Une fois recueilli, on prend le texte choisi et on y applique sa pensée d’un bout à l’autre. On peut le lire phrase par phrase, essayer de se représenter la scène par imagination de façon aussi sensible que possible, comme un témoin au bord de la route. Mais cela ne convient pas à tout le monde. On peut se poser des questions comme de qui s’agit-il, qui est-ce, que fait-il, que lui arrive t-il, que dit-il, que veut-il dire, comment se comportent les autres…Le cœur doit être présent, pas seulement s’y prendre comme pour un travail scientifique. La vérité est une sagesse, un savoir du cœur, une prise de  conscience de l’âme, où l’homme intérieur accepte d’apprendre.
Ainsi la pensée se transforme en prière car l’oraison est une prière. Quand on fait suffisamment d’effort pour reconstituer une scène, on en fait ensuite pour entrer en dialogue avec le Christ, comme s’il était véritablement présent. Le Seigneur n’a pas seulement existé dans le passé, Il est présent parmi nous. Le Seigneur est là présent et Il nous appelle. Celui qui fait oraison doit s’adresser à Lui, lui dire sa foi et son amour, lui poser des questions, lui dire tout ce qu’il a dans le cœur .
L’oraison doit manifester ses effets dans la vie. On ne peut pas se dispenser des retours sur sa propre vie. Ce qui est écrit est écrit pour notre sanctification. Chaque mot de la révélation est le point de départ qui aboutit à notre vie. La révélation nous est un avertissement et une indication sur ce que nous avons à faire, à éviter ou à surmonter. On prend alors des résolutions qu’on confie à Dieu (je veux changer sur tel point). Nous finissons par nous connaître nous-mêmes, nos fautes etc. L’oraison est une éducation intérieure de l’homme.
Comme l’oraison est une prière, on doit se trouver face au Dieu vivant et chercher la face de Dieu , se frayer un chemin vers son cœur. Petit à petit, une seule idée suffit à chercher Dieu. Mon Dieu et mon Tout suffit à St François pour toute une nuit. Quand toute parole cesse, reste l’élan vers Dieu, un courant dans les deux sens. Il ne faut pas alors se forcer à retourner vers la diversité des idées.
Les gens calmes et intérieurs ont moins de difficultés avec l’oraison que les nerveux. L’oraison peut être une joie profonde mais aussi parfois une grande difficulté.

L’oraison mystique

Parfois, celui qui fait oraison fait une expérience étrange : Dieu est là. Il n’y a pas de doute possible au moment de l’expérience, les doutes viennent après. Il sait. Il sait aussi que c’est sacré. Et que ce sacré se manifeste. Le mot mystique désigne une expérience de Dieu et du divin. Il peut y avoir des images et des paroles intérieures.

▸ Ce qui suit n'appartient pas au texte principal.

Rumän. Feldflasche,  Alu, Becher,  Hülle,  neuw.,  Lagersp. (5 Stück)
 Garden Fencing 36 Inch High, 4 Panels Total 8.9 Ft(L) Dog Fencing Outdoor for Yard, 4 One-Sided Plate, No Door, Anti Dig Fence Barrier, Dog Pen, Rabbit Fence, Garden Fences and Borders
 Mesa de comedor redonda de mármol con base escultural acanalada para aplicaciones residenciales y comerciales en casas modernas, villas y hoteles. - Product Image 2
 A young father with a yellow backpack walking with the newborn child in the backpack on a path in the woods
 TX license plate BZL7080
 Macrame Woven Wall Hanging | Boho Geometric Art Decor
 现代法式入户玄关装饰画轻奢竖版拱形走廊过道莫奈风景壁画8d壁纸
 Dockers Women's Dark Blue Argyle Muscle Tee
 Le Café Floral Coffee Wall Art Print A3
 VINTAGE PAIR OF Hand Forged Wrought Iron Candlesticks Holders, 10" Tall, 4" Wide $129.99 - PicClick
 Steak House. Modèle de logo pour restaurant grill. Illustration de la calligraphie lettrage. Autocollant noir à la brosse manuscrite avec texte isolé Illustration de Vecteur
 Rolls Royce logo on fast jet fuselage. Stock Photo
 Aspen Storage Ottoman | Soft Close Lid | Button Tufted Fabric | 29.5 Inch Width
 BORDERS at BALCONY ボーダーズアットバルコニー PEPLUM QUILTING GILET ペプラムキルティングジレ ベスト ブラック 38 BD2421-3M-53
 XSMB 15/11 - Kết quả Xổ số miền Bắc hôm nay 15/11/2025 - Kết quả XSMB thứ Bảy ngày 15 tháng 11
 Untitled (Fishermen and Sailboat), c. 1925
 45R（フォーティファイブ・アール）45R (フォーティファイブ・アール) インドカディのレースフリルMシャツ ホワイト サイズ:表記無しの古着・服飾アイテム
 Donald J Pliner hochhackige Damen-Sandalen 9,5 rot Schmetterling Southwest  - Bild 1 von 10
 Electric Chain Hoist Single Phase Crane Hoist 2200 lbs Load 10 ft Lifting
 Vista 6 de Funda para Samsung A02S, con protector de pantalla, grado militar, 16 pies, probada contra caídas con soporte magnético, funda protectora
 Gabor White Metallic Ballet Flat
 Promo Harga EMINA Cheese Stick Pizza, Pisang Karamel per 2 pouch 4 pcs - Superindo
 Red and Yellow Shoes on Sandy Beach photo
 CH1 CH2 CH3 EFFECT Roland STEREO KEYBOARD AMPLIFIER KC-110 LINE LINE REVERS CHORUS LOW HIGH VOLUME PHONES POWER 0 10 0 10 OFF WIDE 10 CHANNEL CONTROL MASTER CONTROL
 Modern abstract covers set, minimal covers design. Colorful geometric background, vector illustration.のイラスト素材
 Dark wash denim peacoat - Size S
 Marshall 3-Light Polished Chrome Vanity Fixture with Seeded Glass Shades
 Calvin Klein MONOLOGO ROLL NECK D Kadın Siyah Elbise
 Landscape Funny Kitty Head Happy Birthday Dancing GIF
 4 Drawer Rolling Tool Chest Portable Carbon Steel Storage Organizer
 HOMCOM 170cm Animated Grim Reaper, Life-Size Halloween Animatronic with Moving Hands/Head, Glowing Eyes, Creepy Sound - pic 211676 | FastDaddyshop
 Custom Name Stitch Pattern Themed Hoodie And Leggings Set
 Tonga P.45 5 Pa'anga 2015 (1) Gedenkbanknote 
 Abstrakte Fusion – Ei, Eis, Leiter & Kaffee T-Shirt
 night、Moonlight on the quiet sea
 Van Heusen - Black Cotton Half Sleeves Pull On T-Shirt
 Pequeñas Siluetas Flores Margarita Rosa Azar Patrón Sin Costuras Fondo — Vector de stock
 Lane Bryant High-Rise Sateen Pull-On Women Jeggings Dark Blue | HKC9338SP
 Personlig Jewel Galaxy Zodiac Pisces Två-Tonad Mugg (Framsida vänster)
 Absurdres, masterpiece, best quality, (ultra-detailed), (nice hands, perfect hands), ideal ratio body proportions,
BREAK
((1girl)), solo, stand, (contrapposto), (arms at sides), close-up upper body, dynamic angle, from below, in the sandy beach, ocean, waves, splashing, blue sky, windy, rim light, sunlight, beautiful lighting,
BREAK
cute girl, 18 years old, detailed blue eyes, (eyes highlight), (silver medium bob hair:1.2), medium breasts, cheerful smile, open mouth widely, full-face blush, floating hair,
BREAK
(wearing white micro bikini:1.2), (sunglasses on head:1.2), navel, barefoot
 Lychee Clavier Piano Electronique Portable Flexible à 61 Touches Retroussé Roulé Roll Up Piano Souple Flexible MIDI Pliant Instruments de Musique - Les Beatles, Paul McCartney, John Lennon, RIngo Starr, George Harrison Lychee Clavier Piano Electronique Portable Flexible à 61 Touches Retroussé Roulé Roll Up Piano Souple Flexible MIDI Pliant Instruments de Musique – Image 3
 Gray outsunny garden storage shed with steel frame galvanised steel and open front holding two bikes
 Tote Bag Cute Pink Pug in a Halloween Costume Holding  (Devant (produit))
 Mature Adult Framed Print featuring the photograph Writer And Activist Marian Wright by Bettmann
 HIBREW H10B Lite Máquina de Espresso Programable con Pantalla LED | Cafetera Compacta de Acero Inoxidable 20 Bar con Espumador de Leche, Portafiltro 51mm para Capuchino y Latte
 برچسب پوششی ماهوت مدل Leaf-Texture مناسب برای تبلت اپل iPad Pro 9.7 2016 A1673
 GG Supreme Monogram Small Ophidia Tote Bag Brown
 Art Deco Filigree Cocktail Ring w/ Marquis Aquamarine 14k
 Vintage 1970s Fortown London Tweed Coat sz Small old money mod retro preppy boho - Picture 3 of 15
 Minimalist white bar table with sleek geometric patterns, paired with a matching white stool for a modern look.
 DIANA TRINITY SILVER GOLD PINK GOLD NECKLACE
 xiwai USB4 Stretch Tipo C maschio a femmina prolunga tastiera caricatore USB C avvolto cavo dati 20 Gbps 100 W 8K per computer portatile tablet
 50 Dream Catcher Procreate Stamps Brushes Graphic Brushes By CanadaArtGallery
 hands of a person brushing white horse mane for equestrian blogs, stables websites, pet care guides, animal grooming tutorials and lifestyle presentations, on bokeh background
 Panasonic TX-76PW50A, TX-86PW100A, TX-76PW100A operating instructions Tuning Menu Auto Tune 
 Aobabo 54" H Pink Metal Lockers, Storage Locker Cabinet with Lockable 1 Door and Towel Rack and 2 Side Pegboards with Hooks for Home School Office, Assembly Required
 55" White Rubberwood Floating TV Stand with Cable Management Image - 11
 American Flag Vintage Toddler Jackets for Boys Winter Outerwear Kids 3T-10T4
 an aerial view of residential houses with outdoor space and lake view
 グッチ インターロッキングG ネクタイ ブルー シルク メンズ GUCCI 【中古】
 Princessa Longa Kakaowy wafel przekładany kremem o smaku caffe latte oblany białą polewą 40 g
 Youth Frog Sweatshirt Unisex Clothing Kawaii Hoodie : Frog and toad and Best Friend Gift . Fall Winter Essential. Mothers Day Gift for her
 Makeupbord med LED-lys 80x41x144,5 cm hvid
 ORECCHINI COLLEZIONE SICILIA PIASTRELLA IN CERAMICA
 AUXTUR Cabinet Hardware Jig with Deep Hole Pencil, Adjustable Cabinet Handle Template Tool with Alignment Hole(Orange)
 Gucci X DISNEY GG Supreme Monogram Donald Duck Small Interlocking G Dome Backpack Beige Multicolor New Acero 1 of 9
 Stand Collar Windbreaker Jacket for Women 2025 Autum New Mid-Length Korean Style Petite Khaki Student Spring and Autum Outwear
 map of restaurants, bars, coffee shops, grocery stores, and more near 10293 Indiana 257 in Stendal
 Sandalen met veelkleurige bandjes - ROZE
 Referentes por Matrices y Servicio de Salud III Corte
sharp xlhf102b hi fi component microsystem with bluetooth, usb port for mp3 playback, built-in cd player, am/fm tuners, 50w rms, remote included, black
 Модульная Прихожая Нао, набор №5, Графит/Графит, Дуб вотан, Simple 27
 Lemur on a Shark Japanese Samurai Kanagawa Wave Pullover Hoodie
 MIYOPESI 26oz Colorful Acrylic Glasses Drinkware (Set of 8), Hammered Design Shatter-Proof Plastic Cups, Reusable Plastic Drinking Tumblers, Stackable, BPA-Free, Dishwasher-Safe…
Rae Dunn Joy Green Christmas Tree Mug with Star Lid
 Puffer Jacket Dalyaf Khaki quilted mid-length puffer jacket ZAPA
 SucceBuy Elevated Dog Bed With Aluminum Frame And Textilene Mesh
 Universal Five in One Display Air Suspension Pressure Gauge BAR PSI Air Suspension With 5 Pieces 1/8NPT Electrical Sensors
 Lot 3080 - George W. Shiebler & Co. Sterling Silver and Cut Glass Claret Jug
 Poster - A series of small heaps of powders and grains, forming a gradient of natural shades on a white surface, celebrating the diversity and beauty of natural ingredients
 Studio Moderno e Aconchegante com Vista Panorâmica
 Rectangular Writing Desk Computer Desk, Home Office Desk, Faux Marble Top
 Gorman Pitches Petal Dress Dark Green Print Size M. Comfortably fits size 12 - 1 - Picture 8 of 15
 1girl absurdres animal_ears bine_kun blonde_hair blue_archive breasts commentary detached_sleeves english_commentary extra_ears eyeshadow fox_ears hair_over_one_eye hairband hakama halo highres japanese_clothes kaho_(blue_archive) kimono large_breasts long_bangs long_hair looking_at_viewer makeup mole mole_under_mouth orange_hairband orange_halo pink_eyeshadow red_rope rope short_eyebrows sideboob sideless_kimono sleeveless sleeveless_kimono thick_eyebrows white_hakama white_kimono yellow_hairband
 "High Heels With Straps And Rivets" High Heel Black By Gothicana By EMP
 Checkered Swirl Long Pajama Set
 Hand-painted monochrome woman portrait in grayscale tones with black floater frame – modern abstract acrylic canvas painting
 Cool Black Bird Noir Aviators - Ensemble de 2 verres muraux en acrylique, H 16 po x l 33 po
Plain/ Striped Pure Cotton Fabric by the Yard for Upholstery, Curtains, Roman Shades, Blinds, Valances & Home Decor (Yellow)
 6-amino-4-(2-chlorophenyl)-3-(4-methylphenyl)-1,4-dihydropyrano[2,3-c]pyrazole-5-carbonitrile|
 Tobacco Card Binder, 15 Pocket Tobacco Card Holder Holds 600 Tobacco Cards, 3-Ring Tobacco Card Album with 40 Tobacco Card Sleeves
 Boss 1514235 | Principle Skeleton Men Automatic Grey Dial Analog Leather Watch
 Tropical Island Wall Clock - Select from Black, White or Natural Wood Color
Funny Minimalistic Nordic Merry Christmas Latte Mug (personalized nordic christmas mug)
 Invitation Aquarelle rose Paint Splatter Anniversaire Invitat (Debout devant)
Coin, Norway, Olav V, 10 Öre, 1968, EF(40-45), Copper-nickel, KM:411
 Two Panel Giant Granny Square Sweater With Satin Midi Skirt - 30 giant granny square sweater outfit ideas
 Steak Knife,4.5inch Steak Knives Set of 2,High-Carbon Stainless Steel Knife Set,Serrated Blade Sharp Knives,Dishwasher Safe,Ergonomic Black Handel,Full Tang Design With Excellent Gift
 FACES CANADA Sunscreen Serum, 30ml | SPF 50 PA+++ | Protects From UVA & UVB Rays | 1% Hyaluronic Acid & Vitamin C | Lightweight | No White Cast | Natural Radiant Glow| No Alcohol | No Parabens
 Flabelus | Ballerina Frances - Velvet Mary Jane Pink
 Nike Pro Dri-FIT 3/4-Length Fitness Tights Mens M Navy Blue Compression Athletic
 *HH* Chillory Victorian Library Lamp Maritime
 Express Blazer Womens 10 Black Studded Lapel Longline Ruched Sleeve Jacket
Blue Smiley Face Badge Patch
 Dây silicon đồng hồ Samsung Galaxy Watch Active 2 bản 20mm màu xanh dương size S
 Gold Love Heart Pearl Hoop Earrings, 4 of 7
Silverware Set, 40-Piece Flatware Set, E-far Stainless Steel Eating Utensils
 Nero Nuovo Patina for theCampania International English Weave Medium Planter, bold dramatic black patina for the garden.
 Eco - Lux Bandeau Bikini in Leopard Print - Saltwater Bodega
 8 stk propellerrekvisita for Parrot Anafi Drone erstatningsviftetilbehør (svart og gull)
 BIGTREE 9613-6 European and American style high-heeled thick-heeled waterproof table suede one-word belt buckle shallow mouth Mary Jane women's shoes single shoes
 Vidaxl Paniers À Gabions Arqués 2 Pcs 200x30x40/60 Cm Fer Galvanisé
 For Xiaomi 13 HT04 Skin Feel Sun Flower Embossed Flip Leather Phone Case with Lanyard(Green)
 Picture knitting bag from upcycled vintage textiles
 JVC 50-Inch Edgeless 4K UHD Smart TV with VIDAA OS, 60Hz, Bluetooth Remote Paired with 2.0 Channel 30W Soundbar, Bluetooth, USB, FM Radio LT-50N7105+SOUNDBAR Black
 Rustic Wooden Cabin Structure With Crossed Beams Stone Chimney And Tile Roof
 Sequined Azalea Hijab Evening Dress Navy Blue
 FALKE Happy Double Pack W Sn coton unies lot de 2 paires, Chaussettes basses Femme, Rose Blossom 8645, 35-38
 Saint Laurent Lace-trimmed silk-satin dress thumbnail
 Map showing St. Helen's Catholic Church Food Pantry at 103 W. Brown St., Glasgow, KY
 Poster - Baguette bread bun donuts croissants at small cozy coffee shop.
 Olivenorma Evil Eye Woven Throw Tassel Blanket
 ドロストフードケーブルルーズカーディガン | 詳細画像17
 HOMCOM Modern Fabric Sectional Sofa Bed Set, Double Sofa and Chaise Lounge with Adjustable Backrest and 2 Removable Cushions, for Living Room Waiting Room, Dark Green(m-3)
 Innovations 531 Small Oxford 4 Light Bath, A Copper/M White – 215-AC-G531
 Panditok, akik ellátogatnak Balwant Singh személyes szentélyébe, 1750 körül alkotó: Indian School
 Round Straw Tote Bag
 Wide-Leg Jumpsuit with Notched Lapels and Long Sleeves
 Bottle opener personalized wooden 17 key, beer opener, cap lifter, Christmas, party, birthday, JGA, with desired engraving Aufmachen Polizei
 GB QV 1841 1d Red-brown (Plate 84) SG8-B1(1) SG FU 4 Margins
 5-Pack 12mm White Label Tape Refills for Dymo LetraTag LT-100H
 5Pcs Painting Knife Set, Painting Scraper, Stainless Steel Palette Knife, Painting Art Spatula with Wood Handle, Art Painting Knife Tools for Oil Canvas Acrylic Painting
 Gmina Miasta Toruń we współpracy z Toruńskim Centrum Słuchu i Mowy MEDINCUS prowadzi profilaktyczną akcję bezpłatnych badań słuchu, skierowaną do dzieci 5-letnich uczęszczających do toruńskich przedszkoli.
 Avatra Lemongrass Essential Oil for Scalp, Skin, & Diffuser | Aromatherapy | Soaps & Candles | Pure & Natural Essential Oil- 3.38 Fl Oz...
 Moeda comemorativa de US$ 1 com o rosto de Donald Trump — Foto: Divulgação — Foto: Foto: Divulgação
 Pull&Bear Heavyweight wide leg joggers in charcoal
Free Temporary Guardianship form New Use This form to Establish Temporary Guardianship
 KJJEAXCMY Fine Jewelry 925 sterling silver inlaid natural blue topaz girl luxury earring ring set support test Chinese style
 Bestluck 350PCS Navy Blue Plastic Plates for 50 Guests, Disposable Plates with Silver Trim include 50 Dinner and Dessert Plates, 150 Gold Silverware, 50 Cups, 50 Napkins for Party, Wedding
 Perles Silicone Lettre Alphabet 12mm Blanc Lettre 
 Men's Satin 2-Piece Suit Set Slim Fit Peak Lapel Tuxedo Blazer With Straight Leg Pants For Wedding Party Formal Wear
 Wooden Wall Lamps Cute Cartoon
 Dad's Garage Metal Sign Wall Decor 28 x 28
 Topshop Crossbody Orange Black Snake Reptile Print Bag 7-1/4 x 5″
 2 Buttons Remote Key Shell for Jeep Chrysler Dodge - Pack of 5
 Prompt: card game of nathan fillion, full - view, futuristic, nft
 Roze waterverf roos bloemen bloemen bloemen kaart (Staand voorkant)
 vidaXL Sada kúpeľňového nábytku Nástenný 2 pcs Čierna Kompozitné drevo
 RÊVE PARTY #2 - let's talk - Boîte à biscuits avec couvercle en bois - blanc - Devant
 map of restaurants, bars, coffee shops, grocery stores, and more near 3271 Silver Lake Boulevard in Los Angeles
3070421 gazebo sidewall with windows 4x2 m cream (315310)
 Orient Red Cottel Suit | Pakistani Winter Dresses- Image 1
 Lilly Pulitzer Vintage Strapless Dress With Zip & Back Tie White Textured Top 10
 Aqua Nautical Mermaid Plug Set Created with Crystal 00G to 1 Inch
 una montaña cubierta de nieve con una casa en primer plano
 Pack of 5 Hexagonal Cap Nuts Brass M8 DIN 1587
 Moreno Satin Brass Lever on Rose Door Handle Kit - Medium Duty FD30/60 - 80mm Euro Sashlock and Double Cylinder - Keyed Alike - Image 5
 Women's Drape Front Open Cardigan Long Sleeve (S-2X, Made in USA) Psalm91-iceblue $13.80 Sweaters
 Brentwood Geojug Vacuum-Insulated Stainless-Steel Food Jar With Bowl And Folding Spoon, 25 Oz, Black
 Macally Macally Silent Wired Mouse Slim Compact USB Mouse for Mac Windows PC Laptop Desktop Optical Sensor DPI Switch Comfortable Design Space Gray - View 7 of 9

Cela a des exigences : Dieu par elle, appelle l’homme près de Lui à une communion plus profonde. L’appelé doit se libérer de ses entraves terrestres et se purifier. cela signifie aussi pour d’autres de témoigner( Je sais que Dieu vit). Il faut avant tout veiller sur ce don de Dieu et le respecter. Il faut s’approcher et prier le plus possible. On doit dire au Christ, tout cela je n’en veux que si cela vient du Christ. On doit être plus sévère avec soi-même. Plus scrupuleux dans ses devoirs, plus enclin à la prière, plus rigoureux dans le choix de ses relations, de ses lectures, de ses distractions. On devra éviter d’en parler car le caractère est trop sacré et s’en ouvrir à son Père spirituel qui donnera les indications nécessaires. C’est une grâce de Dieu qu’Il donne à qui Lui plait.